▶ _WORK TASK_
Set the images aside and retype the whole listing exactly.

▶ _INFORMATION SHOWN_
-- Opening Marker --

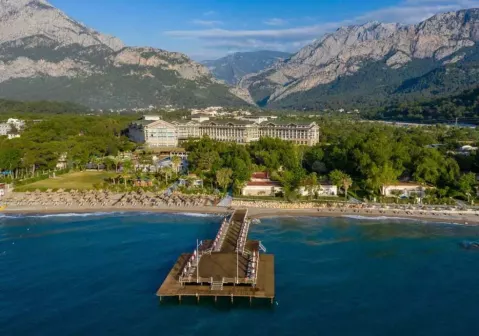 Viešbutis „AMARA LUXURY RESORT & VILLAS“ (Kemeras, Turkija)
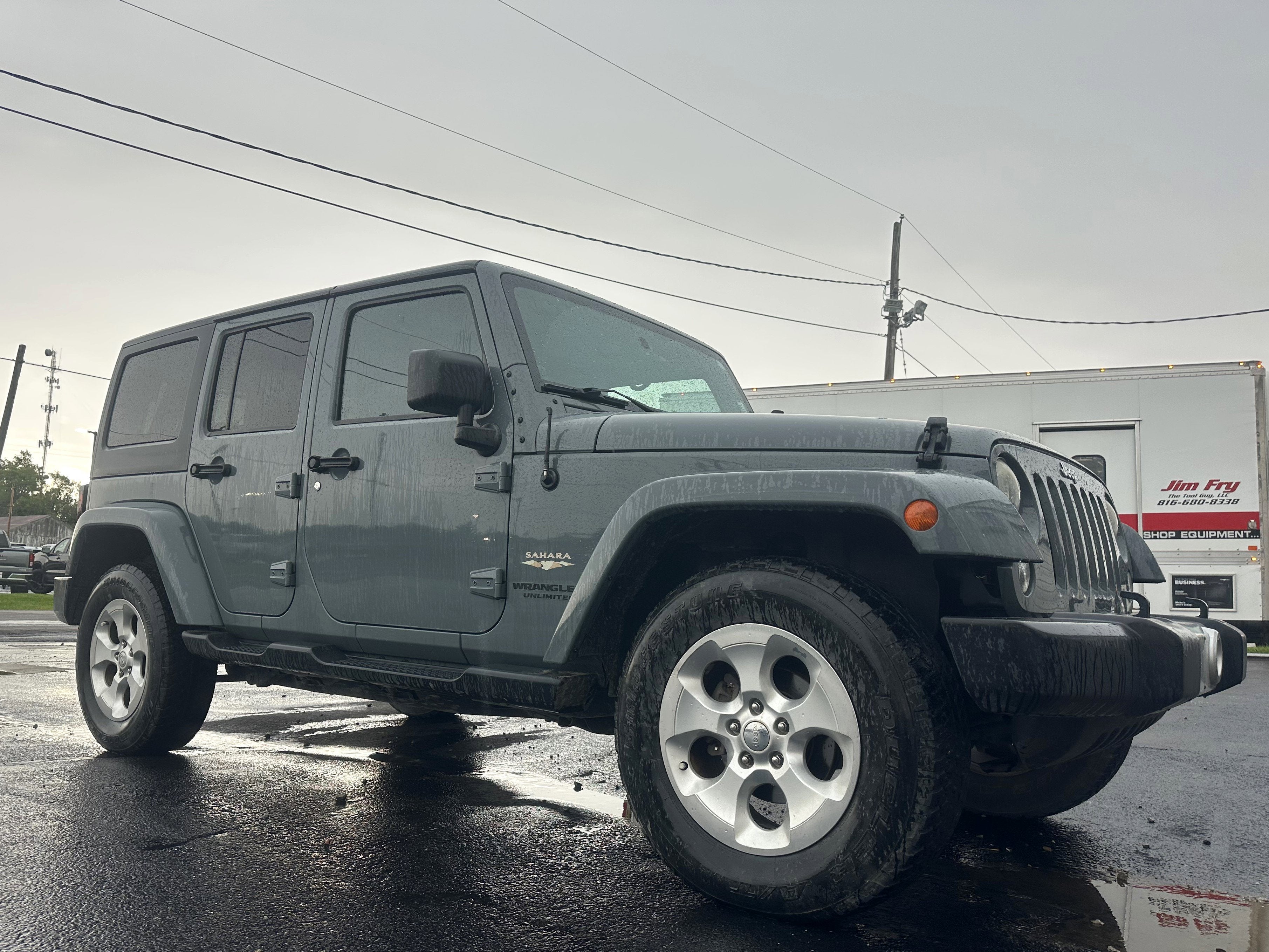 2014 Jeep Wrangler Unlimited Sahara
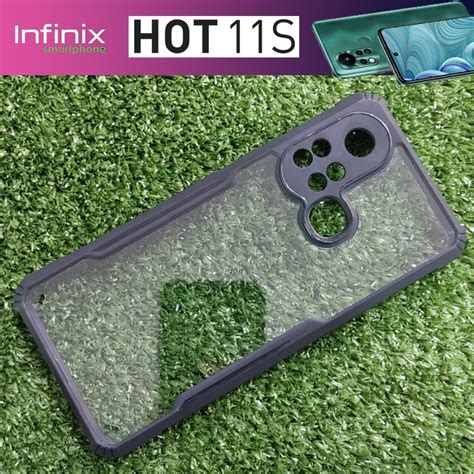 เคส ขอบนม มมกนกระแทก ปกปองกลอง ฝาหลงใส คละส สำหรบ Infinix Hot S Shopee Thailand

-- Closing Marker --

▶ _ANSWER TO THIS PROBLEM_
 Viešbutis „AMARA LUXURY RESORT & VILLAS“ (Kemeras, Turkija)
 2014 Jeep Wrangler Unlimited Sahara
 เคส ขอบนม มมกนกระแทก ปกปองกลอง ฝาหลงใส คละส สำหรบ Infinix Hot S Shopee Thailand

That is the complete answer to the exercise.